Mailing List Archive

Training spamassassin past 5,000 emails
I've read through
https://spamassassin.apache.org/full/3.1.x/doc/sa-learn.html which
states that "anything over about 5000 messages does not improve accuracy
significantly in our tests."

So once I hit 5,000, what do? Do I run --forget on say the 500 oldest
emails, delete those from my ham/spam folders and then add in a batch of
500 newer ham/spam emails and then run sa-learn on all the emails in my
spam/ham folders?
Re: Training spamassassin past 5,000 emails [ In reply to ]
Steve Dondley <s@dondley.com> writes:

> I've read through
> https://spamassassin.apache.org/full/3.1.x/doc/sa-learn.html which
> states that "anything over about 5000 messages does not improve
> accuracy significantly in our tests."

I would take that with a grain of salt. Based on my experience running
SA for many years, I'd say that if you have new spam that isn't like
the spam you already have, learning on it will help.

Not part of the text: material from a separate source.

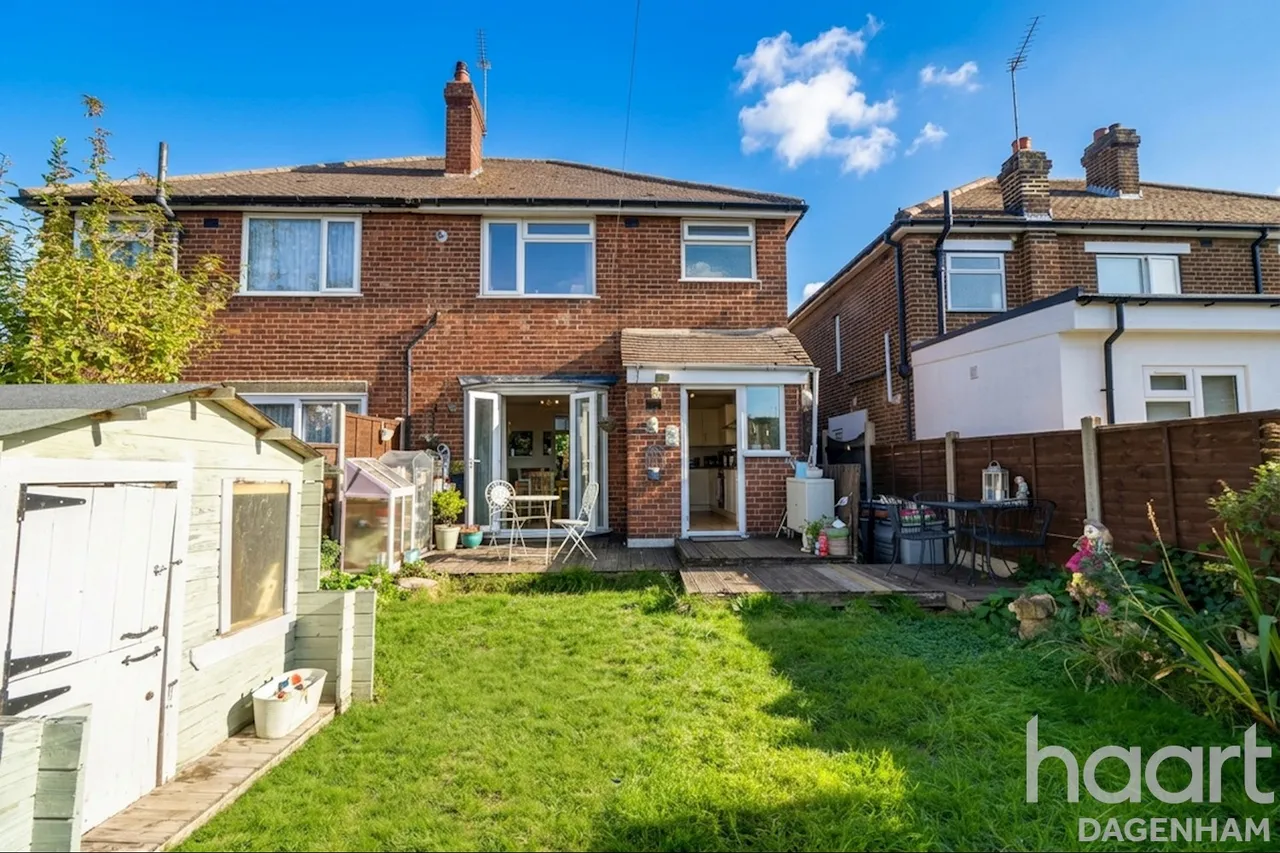 Kitchener Road, Dagenham, RM10, photo 10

Also, I take it as a comment about "there's no need to try hard to get
more the 5K messages". It doesn't say, "if you train on more than 5000
bad things will happen".

> So once I hit 5,000, what do? Do I run --forget on say the 500 oldest
> emails, delete those from my ham/spam folders and then add in a batch
> of 500 newer ham/spam emails and then run sa-learn on all the emails
> in my spam/ham folders?

I've been running sa-learn daily over my ham folders and my spam folders
for years. I refile spam and ham so that it will be learned. I find
the bayes scoring is quite good except for novel spam. My bayes_* files
are about 83M in total.

So I don't think you necessarily have a problem to solve.
Re: Training spamassassin past 5,000 emails [ In reply to ]
On Tue, 09 Mar 2021 07:49:38 -0500
Steve Dondley wrote:

> I've read through
> https://spamassassin.apache.org/full/3.1.x/doc/sa-learn.html which
> states that "anything over about 5000 messages does not improve
> accuracy significantly in our tests."
>
> So once I hit 5,000, what do? Do I run --forget on say the 500 oldest
> emails, delete those from my ham/spam folders and then add in a batch
> of 500 newer ham/spam emails and then run sa-learn on all the emails
> in my spam/ham folders?


You don't *need* to do anything, that figure is about diminishing
returns.

If you keep a full archive of what's been trained. I think it makes
sense to trim out old mail occasionally and recreate the database -
particularly if it's a single user Bayes.
Re: Training spamassassin past 5,000 emails [ In reply to ]
On 2021-03-09 08:28 AM, Greg Troxel wrote:
> Steve Dondley <s@dondley.com> writes:
>
>> I've read through
>> https://spamassassin.apache.org/full/3.1.x/doc/sa-learn.html which
>> states that "anything over about 5000 messages does not improve
>> accuracy significantly in our tests."
>
> I would take that with a grain of salt. Based on my experience
> running
> SA for many years, I'd say that if you have new spam that isn't like
> the spam you already have, learning on it will help.
>
> Also, I take it as a comment about "there's no need to try hard to get
> more the 5K messages". It doesn't say, "if you train on more than 5000
> bad things will happen".
>
>> So once I hit 5,000, what do? Do I run --forget on say the 500 oldest
>> emails, delete those from my ham/spam folders and then add in a batch
>> of 500 newer ham/spam emails and then run sa-learn on all the emails
>> in my spam/ham folders?
>
> I've been running sa-learn daily over my ham folders and my spam
> folders
> for years. I refile spam and ham so that it will be learned. I find
> the bayes scoring is quite good except for novel spam. My bayes_*
> files
> are about 83M in total.
>
> So I don't think you necessarily have a problem to solve.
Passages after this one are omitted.